Secondly, the root-mean-square error between each calculated-TEE and the TEE-DLW was calculated, in which the lowest values show better agreement between methods. Thirdly, the concordance correlation coefficient (CCC), which considers both the precision (the Pearson correlation coefficient) and the accuracy (using a bias correction factor that measures how far the best-fit line deviates from the 45° line) for each pair of measurements, was also analysed^{(Reference Lin45)}. The CCC equation is as follows:

$${\rm{CCC}} = {{2{S_{XY}}} \over {Sx + {\rm{}}Sy + {{\left( {\bar x - \bar y} \right)}^2}}}$$

where S _XY = covariance(X, Y), S _x = var(X), S _y = var(Y). The Spearman rank correlation was used to explore the relationship between the PAL estimated with the accelerometers and the bias in the calculated-TEE using the predictive equations.
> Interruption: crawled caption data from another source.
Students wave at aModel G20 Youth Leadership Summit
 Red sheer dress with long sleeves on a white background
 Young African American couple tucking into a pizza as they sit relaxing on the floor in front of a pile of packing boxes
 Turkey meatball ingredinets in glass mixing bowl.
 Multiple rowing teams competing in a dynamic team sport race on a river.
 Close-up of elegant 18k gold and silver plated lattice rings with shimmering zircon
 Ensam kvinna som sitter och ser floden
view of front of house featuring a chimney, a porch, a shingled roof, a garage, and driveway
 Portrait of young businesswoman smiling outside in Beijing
Sample size was determined according to the method of Lu et al.^{(Reference Lu, Zhong and Liu46)}. Based on the study by Raveli et al.^{(Reference Ravelli, Schoeller and Crisp47)}, where the two best equations showed a mean difference of 2·5 % compared with the TEE-DLW, and considering the mean TEE-DLW of our sample (8983 kJ), the expected mean of the differences for the present study would be 222 kJ. In order to obtain a sample that yielded an α value of 5 % and a β value of 20 %, considering an expected standard deviation of three times the mean difference (666 kJ) and a maximum allowed difference of 24 % (2154 kJ), the minimum required number of pairs for the Bland and Altman analysis would be thirty-one.

All analyses were conducted using the statistical package MedCalc Statistical Software version 18.11.3 (MedCalc Software bvba) and an α value of 5 % was adopted.